*** Opening Provided material ***

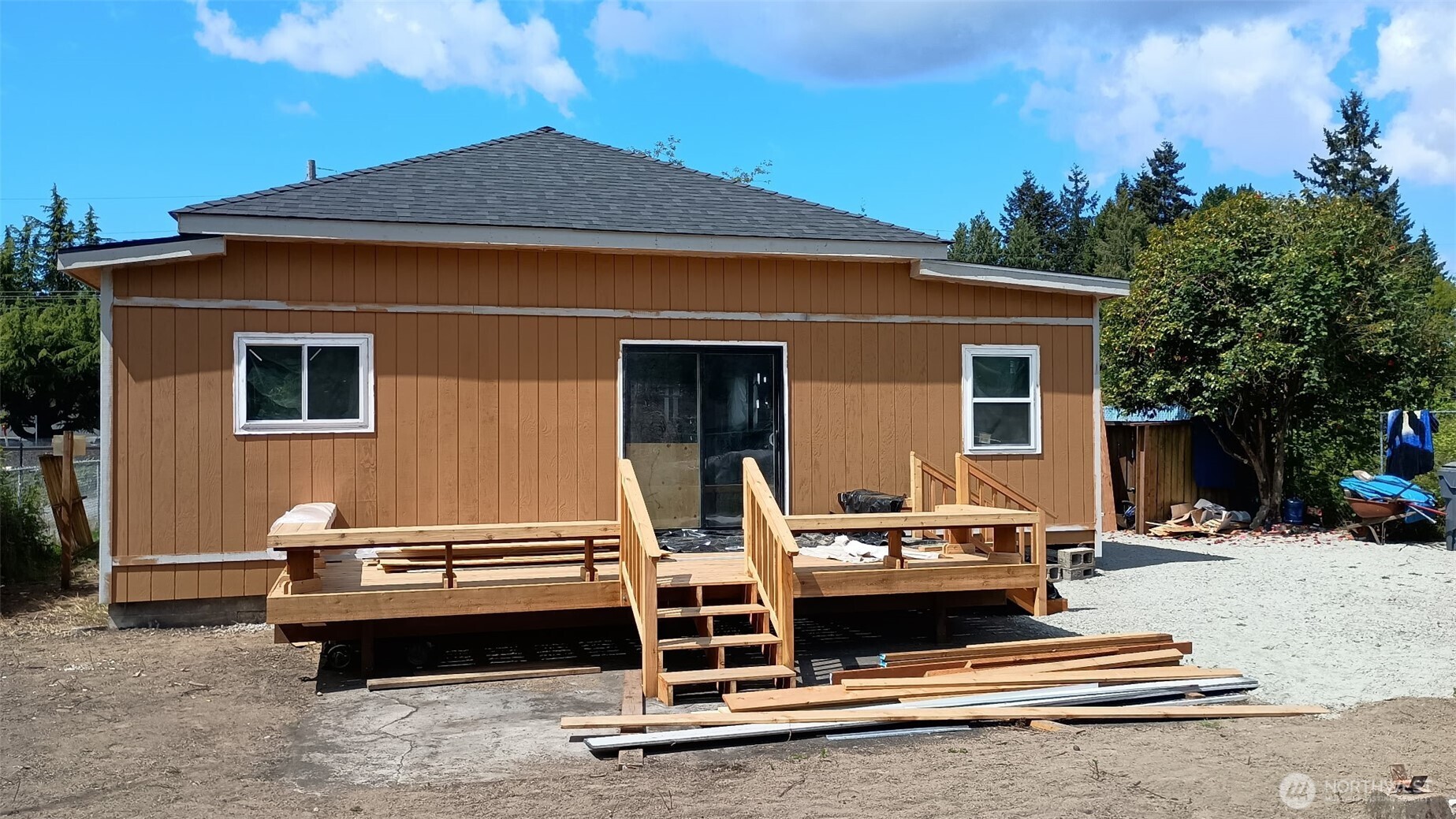 716 Railroad Avenue Property Photo 2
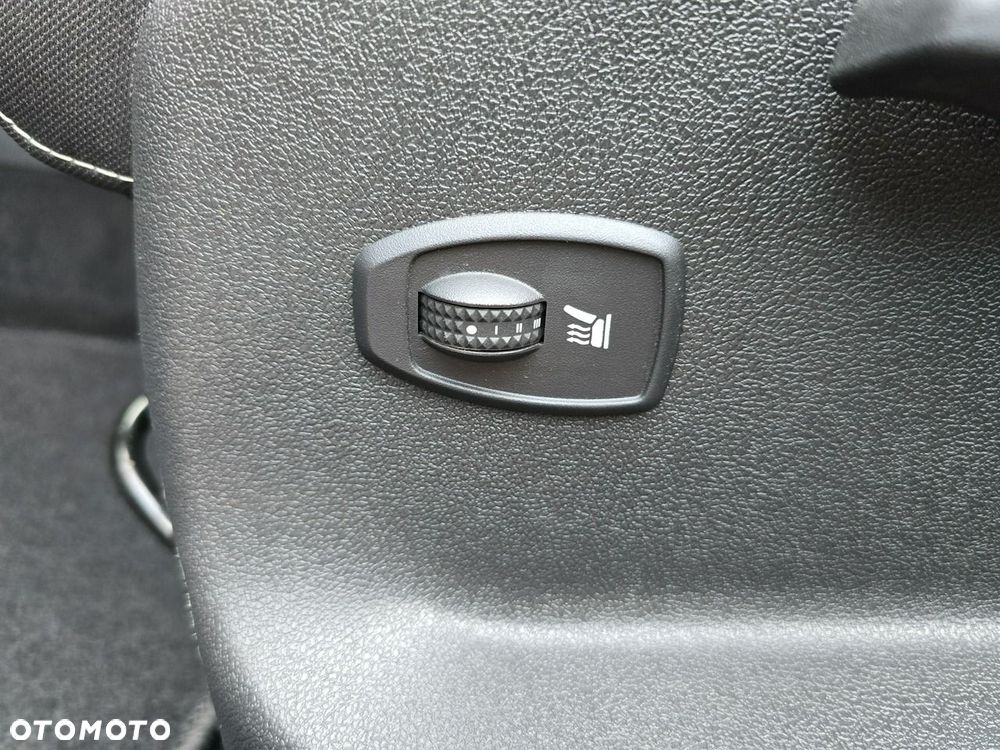 Renault Megane 1.6 16V 110 Paris - 23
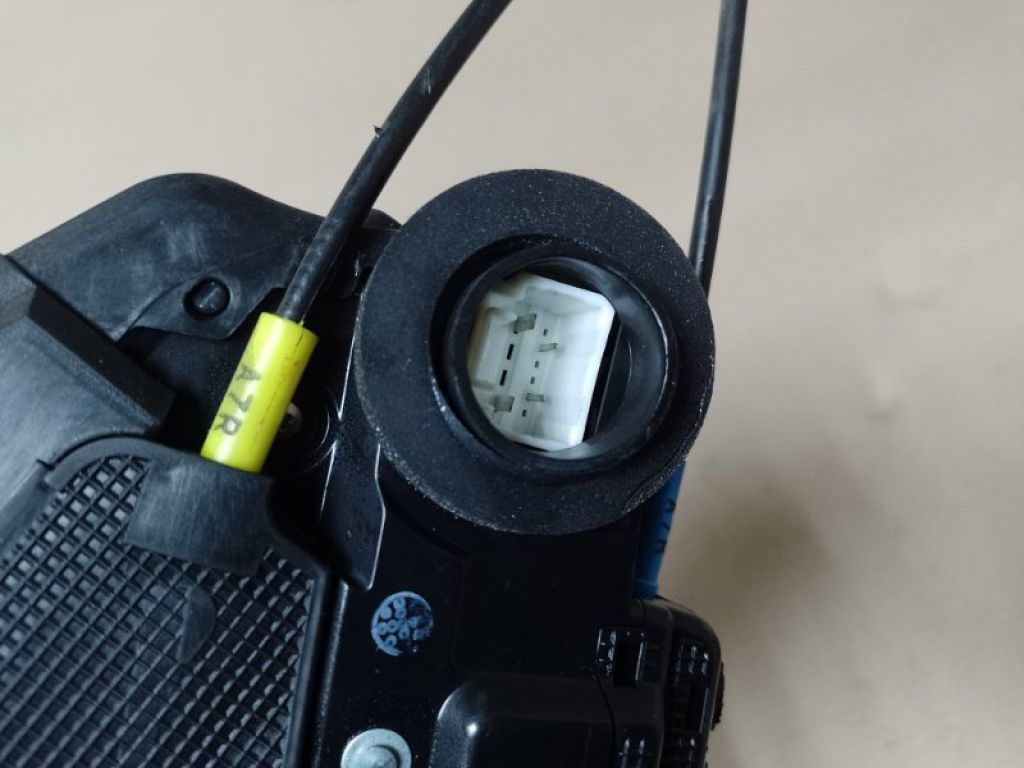 69060-42021 | Замок двери задн. лев. TOYOTA PRIUS C/AQUA 11-14 - Фото 3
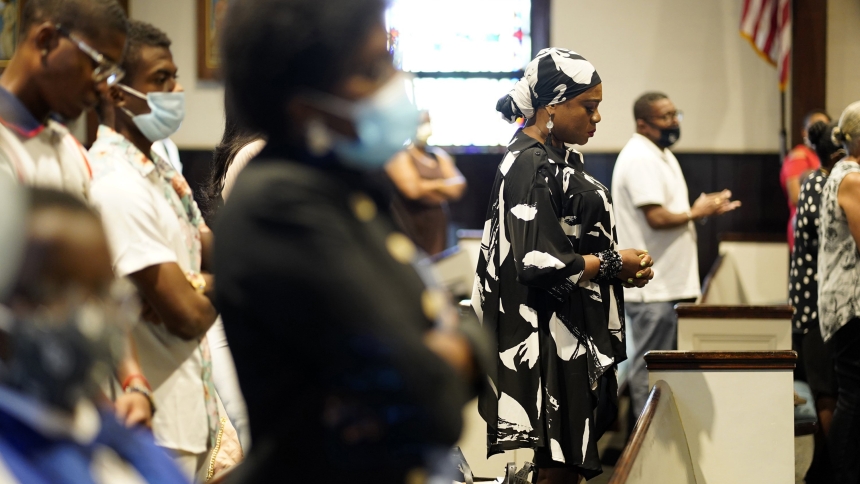 Worshippers pray during a weekly Sunday Mass at St. Martha Church in Uniondale, N.Y., Aug. 15, 2021. In-person Sunday Mass attendance in the U.S. is back to 2019 pre-pandemic levels of 24%, according to data from the Center for Applied Research in the Apostolate at Georgetown University. (OSV News photo/Gregory A. Shemitz, CNS)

*** Closing Provided material ***

* Activity *
Only the lines that lie between the start of the listing and the line containing "69060-42021 | Замок", both included, belong in the answer; write them out exactly and omit pictures.

* Task solution *
 716 Railroad Avenue Property Photo 2
 Renault Megane 1.6 16V 110 Paris - 23
 69060-42021 | Замок двери задн. лев. TOYOTA PRIUS C/AQUA 11-14 - Фото 3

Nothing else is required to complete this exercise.